Hi all, When upgrading a job from 1.15 to 1.19 on...
# troubleshooting
l
Hi all, When upgrading a job from 1.15 to 1.19 on aws managed flink I am getting a runtime error
Exception occurred while setting the current key context.
(see thread for full error). The job is consuming messages from kinesis, processing them and then producing them to another kinesis stream. Running locally I don’t get the error (in a simplified Flink cluster I have), but when it is running in AWS it fails. It’s quite hard to debug and find where this actual issue is occurring. I have taken a lot of inspiration from aws’ sample code for flink, so perhaps it could be this line on the kinesis sink:
setPartitionKeyGenerator(element -> String.valueOf(element.hashCode()))
Copy code
java.lang.RuntimeException: Exception occurred while setting the current key context.
	at org.apache.flink.streaming.api.operators.StreamOperatorStateHandler.setCurrentKey(StreamOperatorStateHandler.java:385)
	at org.apache.flink.streaming.api.operators.AbstractStreamOperator.setCurrentKey(AbstractStreamOperator.java:520)
	at org.apache.flink.streaming.api.operators.AbstractStreamOperator.setKeyContextElement(AbstractStreamOperator.java:515)
	at org.apache.flink.streaming.api.operators.AbstractStreamOperator.setKeyContextElement1(AbstractStreamOperator.java:490)
	at org.apache.flink.streaming.api.operators.OneInputStreamOperator.setKeyContextElement(OneInputStreamOperator.java:36)
	at org.apache.flink.streaming.runtime.io.RecordProcessorUtils.lambda$getRecordProcessor$0(RecordProcessorUtils.java:59)
	at org.apache.flink.streaming.runtime.tasks.OneInputStreamTask$StreamTaskNetworkOutput.emitRecord(OneInputStreamTask.java:238)
	at org.apache.flink.streaming.runtime.io.AbstractStreamTaskNetworkInput.processElement(AbstractStreamTaskNetworkInput.java:157)
	at org.apache.flink.streaming.runtime.io.AbstractStreamTaskNetworkInput.emitNext(AbstractStreamTaskNetworkInput.java:114)

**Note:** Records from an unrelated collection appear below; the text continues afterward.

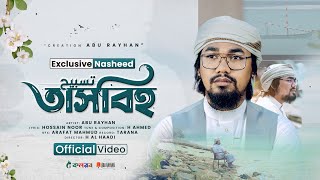 TASBIH By Abu Rayhan | Kalarab | 4K New Islamic Song 2022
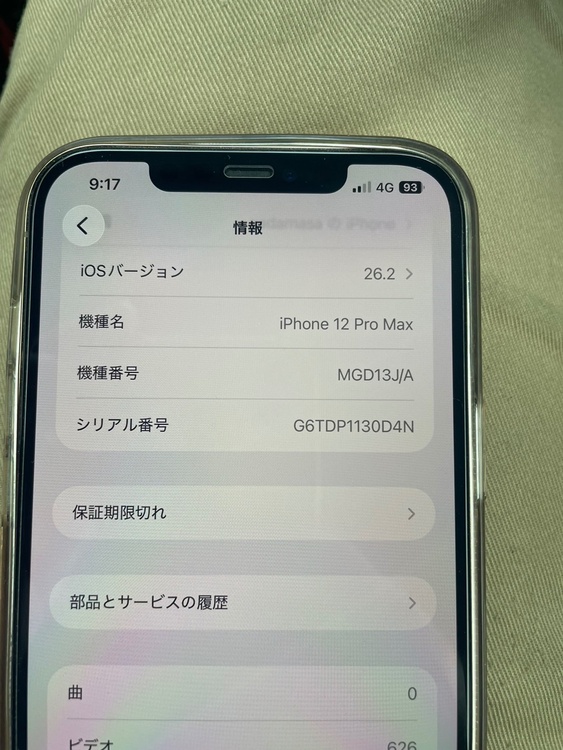 iPhone iPhone 12 Pro Max 256GB SIMフリー（スマホ）の商品画像 - 査定依頼日：2026年7月19日 - 最高査定価格：41,500円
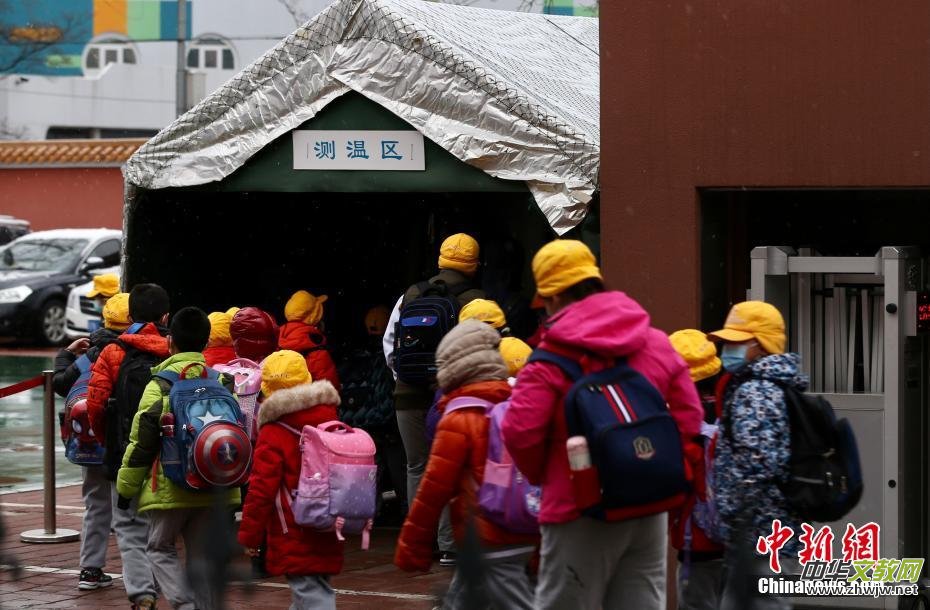 ���ٽY(ji��)�� ȫ��(gu��)���ء��_(k��i)�W(xu��)�������[�M�D]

	at org.apache.flink.streaming.runtime.io.StreamOneInputProcessor.processInput(StreamOneInputProcessor.java:65)
	at org.apache.flink.streaming.runtime.tasks.StreamTask.processInput(StreamTask.java:579)
	at org.apache.flink.streaming.runtime.tasks.mailbox.MailboxProcessor.runMailboxLoop(MailboxProcessor.java:231)
	at org.apache.flink.streaming.runtime.tasks.StreamTask.runMailboxLoop(StreamTask.java:909)
	at org.apache.flink.streaming.runtime.tasks.StreamTask.invoke(StreamTask.java:858)
	at org.apache.flink.runtime.taskmanager.Task.runWithSystemExitMonitoring(Task.java:960)
	at org.apache.flink.runtime.taskmanager.Task.restoreAndInvoke(Task.java:939)
	at org.apache.flink.runtime.taskmanager.Task.doRun(Task.java:753)
	at org.apache.flink.runtime.taskmanager.Task.run(Task.java:568)
	at java.base/java.lang.Thread.run(Thread.java:829)
Caused by: java.lang.IllegalArgumentException: Key group 1 is not in KeyGroupRange{startKeyGroup=50, endKeyGroup=51}. Unless you're directly using low level state access APIs, this is most likely caused by non-deterministic shuffle key (hashCode and equals implementation).
	at org.apache.flink.runtime.state.KeyGroupRangeOffsets.newIllegalKeyGroupException(KeyGroupRangeOffsets.java:37)
	at org.apache.flink.runtime.state.InternalKeyContextImpl.setCurrentKeyGroupIndex(InternalKeyContextImpl.java:74)
	at org.apache.flink.runtime.state.AbstractKeyedStateBackend.setCurrentKey(AbstractKeyedStateBackend.java:249)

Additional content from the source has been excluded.